Circumstances might be a touch more complicated who knows? Maybe he's detached but holding it together for the kids?
Maybe he is a delicate petal afraid to cut loose because of her family. Money etc etc.

Whatever the reasons may be, the insomnia angle was just bizarre.


----------



## Lostinthought61 (Nov 5, 2013)

BobSimmons said:


> Circumstances might be a touch more complicated who knows? Maybe he's detached but holding it together for the kids?
> Maybe he is a delicate petal afraid to cut loose because of her family. Money etc etc.
> 
> Whatever the reasons may be, the insomnia angle was just bizarre.



your right i don't know the whole story and as crazy as that story is it might true...so Bob in his position would you stay married to her?


----------



## Steve1000 (Nov 25, 2013)

BobSimmons said:


> Whatever the reasons may be, the insomnia angle was just bizarre.


My partners have all dozed off during sex, but none have had insomnia.


----------



## BobSimmons (Mar 2, 2013)

Lostinthought61 said:


> your right i don't know the whole story and as crazy as that story is it might true...so Bob in his position would you stay married to her?


Not a chance. 

But when I was much younger I did get cheated on and I stayed, of course nothing as extreme as this but crazy situations make you do crazy things.


----------



## arbitrator (Feb 13, 2012)

BobSimmons said:


> https://www.thesun.co.uk/news/4195195/mum-jailed-romp-underage-boys-lajiness-michigan-us/
> 
> *Part that got me was "Her husband David, who is standing by her, blamed the scandal on his wife’s insomnia."*


*Yeah!
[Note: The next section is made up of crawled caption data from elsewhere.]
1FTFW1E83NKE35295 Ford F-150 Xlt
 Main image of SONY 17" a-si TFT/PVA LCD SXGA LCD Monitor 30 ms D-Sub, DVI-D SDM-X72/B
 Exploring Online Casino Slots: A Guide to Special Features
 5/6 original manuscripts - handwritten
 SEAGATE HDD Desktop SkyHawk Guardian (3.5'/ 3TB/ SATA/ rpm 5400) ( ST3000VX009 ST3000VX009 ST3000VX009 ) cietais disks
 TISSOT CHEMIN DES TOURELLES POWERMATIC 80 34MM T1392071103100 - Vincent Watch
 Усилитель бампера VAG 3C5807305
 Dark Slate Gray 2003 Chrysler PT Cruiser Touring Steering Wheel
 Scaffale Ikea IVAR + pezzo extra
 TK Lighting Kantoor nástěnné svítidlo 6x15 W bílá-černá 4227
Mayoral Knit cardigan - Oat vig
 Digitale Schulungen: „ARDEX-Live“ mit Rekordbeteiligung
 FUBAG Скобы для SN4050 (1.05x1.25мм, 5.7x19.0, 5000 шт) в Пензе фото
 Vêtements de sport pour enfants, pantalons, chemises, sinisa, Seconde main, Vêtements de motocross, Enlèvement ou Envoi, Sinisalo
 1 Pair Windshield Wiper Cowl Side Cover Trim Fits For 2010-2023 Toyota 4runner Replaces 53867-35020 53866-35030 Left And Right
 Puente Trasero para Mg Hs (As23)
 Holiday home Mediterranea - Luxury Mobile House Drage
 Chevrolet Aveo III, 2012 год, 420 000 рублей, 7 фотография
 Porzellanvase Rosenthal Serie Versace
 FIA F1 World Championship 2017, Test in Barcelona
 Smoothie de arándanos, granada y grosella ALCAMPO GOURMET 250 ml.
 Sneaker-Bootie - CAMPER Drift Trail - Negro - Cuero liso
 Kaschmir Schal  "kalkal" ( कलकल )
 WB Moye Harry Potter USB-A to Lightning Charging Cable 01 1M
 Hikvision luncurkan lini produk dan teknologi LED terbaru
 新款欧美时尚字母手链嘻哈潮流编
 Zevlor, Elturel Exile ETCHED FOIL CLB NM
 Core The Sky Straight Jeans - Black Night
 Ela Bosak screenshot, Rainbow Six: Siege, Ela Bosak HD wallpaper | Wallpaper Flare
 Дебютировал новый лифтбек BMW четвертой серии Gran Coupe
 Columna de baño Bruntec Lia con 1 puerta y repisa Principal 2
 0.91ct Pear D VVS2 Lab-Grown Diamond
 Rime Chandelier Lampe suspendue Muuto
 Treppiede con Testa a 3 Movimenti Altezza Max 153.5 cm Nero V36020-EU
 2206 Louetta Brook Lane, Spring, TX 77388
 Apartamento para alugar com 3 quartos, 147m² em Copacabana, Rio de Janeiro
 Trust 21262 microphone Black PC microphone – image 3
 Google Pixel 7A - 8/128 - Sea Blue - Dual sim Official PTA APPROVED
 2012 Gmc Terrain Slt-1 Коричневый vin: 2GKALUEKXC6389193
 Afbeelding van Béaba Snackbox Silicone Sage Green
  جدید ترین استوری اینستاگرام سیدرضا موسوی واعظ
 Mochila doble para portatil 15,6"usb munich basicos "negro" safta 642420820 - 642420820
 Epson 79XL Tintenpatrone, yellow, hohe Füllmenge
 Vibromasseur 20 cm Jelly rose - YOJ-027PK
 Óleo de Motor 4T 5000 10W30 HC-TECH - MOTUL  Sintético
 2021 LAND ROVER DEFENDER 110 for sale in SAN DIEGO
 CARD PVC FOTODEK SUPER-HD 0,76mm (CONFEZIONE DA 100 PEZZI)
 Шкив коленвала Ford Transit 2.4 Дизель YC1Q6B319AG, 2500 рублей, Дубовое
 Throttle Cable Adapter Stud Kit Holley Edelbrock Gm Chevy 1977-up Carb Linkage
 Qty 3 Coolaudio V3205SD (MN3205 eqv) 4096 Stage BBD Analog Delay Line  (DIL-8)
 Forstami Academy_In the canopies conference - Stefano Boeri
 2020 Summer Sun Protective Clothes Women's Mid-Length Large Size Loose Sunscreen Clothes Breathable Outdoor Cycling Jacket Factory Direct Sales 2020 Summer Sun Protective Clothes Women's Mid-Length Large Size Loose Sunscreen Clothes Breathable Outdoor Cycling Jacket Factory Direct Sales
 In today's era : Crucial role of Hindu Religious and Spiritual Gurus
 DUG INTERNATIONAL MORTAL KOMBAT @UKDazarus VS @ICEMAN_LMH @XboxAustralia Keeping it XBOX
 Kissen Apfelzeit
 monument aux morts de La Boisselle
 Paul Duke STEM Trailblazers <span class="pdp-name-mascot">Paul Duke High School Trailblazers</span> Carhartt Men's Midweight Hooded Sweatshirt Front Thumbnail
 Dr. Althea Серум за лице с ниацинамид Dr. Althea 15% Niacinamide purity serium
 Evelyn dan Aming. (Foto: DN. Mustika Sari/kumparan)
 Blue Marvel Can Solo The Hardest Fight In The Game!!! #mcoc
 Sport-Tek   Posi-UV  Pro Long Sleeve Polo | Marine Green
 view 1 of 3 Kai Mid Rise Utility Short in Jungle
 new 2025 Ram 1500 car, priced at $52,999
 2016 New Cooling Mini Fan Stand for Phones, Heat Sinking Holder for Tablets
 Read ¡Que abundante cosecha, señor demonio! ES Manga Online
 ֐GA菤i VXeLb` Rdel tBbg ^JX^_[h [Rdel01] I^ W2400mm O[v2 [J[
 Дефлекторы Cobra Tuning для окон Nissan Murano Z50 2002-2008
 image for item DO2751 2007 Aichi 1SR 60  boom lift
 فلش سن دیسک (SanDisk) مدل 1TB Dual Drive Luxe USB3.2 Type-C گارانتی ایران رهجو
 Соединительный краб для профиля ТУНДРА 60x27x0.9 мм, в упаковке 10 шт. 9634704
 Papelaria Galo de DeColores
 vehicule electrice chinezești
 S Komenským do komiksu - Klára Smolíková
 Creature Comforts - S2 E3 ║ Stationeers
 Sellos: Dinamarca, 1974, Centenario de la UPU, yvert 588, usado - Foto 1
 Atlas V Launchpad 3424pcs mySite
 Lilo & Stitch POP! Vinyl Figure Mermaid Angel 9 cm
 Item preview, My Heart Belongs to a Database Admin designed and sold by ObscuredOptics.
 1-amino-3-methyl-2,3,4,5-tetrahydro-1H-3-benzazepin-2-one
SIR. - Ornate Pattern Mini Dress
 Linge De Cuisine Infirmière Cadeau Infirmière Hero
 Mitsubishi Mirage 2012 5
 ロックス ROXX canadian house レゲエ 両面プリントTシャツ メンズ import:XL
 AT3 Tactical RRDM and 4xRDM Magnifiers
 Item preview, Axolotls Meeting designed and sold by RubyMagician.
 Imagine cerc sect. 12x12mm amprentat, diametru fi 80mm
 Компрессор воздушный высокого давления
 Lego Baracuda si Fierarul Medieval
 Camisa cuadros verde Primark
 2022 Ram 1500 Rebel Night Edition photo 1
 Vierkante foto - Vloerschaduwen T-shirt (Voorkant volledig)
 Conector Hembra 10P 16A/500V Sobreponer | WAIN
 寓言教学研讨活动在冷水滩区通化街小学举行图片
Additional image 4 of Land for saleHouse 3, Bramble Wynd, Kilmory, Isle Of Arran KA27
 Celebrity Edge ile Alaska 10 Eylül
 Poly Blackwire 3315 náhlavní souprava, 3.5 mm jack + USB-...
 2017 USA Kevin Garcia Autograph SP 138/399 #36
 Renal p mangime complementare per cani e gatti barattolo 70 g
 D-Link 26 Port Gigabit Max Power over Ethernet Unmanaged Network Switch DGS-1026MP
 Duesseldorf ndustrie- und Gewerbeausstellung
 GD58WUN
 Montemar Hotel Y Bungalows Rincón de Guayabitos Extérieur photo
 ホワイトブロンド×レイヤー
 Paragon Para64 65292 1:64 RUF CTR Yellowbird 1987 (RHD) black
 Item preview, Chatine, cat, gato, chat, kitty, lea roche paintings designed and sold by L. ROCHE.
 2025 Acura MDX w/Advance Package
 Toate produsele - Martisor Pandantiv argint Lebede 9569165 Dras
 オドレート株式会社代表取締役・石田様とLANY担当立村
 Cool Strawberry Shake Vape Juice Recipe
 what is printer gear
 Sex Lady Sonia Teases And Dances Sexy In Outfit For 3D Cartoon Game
Just the mere thought of all of that young stiff stuff, must have undoubtedly kept her endlessly awake, both day and night!

Maybe even kept his "cuckolded" a$$ up just a little bit, too!*


----------



## SlowlyGoingCrazy (Jun 2, 2011)

He may have been saying what he needed to for the lawyers and crap. The insomnia psychosis thing is real but unlikely it was the case here and something that was trying to be thrown out there as a defence strategy


----------



## arbitrator (Feb 13, 2012)

SlowlyGoingCrazy said:


> He may have been saying what he needed to for the lawyers and crap. The *insomnia psychosis* thing is real but unlikely it was the case here and something that was trying to be thrown out there as a defence strategy


*Let's just say that not even a drunken, blithering idiot would ever dream of employing a legal criminal defense strategy like that before a competent judge and a jury of his peers! *


----------



## GusPolinski (Jan 21, 2014)

BobSimmons said:


> https://www.thesun.co.uk/news/4195195/mum-jailed-romp-underage-boys-lajiness-michigan-us/
> 
> Part that got me was "Her husband David, who is standing by her, blamed the scandal on his wife’s insomnia."
> 
> ...


Chumps gonna chump.


----------



## SlowlyGoingCrazy (Jun 2, 2011)

arbitrator said:


> *Let's just say that not even a drunken, blithering idiot would ever dream of employing a legal criminal defense strategy like that! *


Likely though nothing would shock me these days either. If there's a dr who will say it's a mental desease then there will be people who try to abuse it. 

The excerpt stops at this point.